Hauliers want solution or else...

The Chamber of Small and Medium Enterprises - GRTU said it expected the pending issues on port tariffs to be resolved "in the next few days". In the absence of a solution, hauliers could stage a strike and refuse to claim containers from the Freeport...

The Chamber of Small and Medium Enterprises - GRTU said it expected the pending issues on port tariffs to be resolved "in the next few days".

In the absence of a solution, hauliers could stage a strike and refuse to claim containers from the Freeport again on Monday, GRTU director general Vince Farrugia said yesterday.

Discussions involving the GRTU, which represents cargo hauliers, shipping agents, the port authorities and the government, have been going on in the past few days, particularly over the new tariffs regime.
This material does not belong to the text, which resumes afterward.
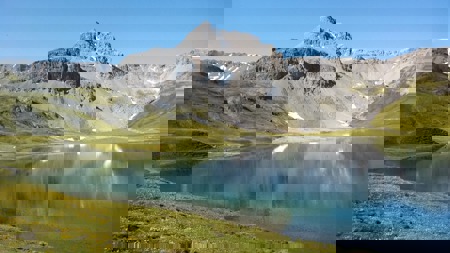 Tal der Bären und Könige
Hauliers are also objecting to a decision by the Freeport to transfer its cash office from Marsa to Birzebbuga.

As a sign of protest, hauliers parked their trailers in a long line outside the Freeport and refused to claim containers last week. The strike disrupted industry as manufacturers had their raw materials blocked inside the Freeport and exporters were unable to ship consignments.

Mr Farrugia told The Times yesterday the authorities had agreed that the cash office will be transferred to the Customs Building in Valletta to create a kind of one-stop shop for hauliers, adding that this was likely to materialise soon.
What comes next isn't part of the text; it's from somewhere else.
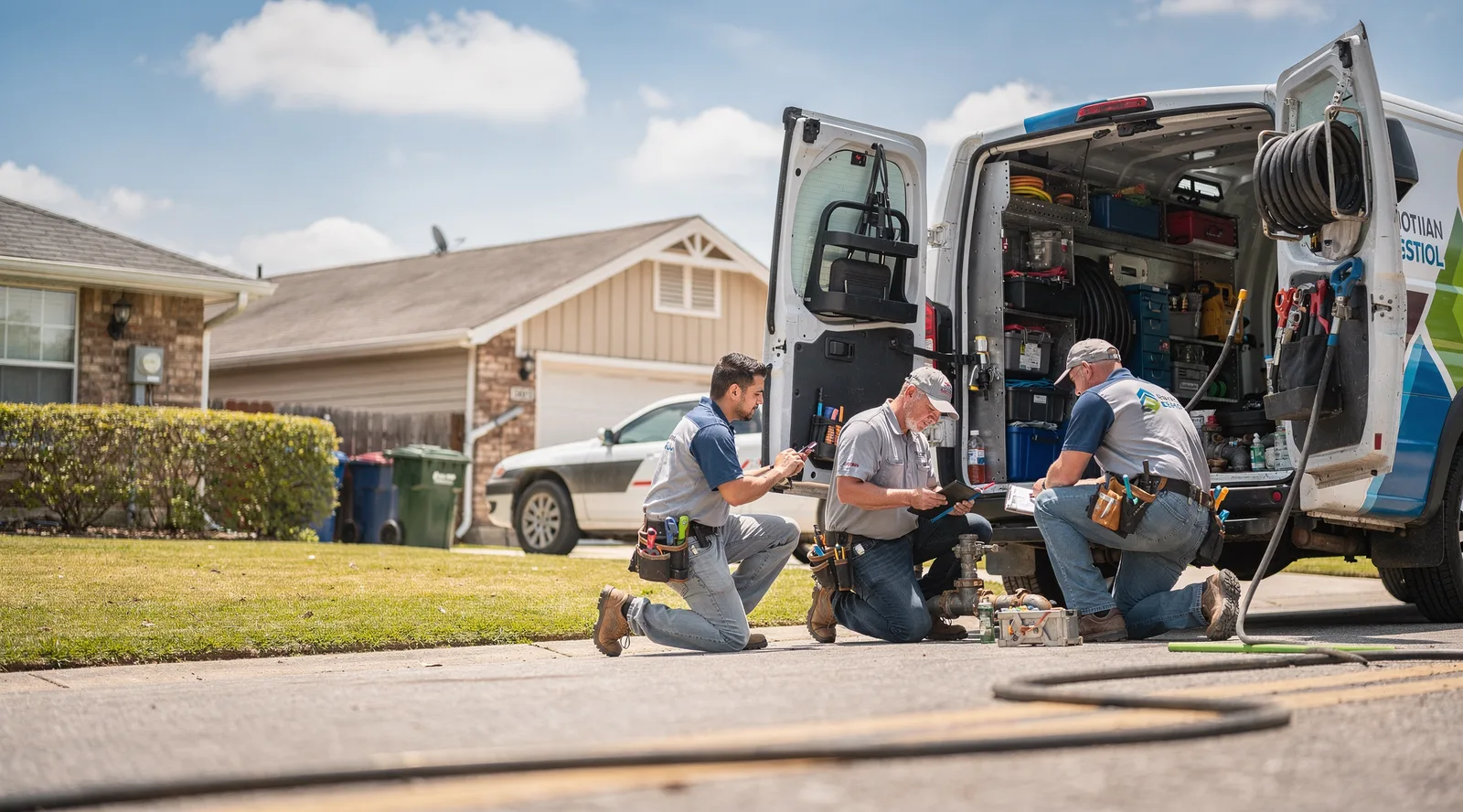 Emergency Plumber in Clarksboro, NJ near me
But the real issue, that traders were not paying lower charges than they did before the port reform took off, was still unresolved, he said.

The point which hauliers tried to make was that the promised reduction of port fees had not materialised, Mr Farrugia insisted. It was, after all, in the interest of industry that hauliers had protested, which is why the GRTU could not understand why it had come under attack by both industry and importers.
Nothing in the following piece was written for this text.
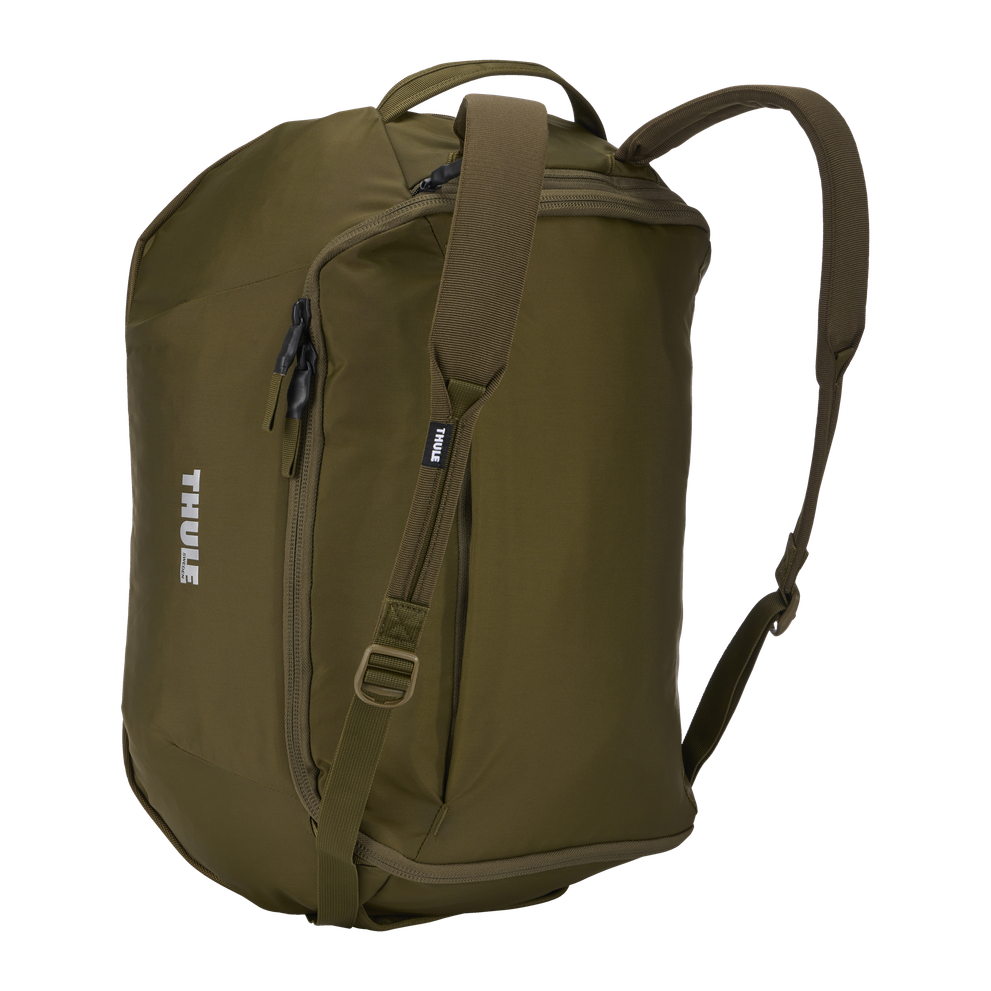 Thule EnRoute 40L duffel natural green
"Those who rushed to attack hauliers and the GRTU saying we were irresponsible, and that we were acting against the interest of industy, are now claiming they are disappointed with the port reform. That's the point which the GRTU has been making throughout: That the reduction in costs which the government promised was a chimera," Mr Farrugia said. Shipping agents, who are still in talks with the port authorities, are billing clients according to the old system even if the Freeport has been applying the new tariffs regime announced by the Malta Maritime Authority.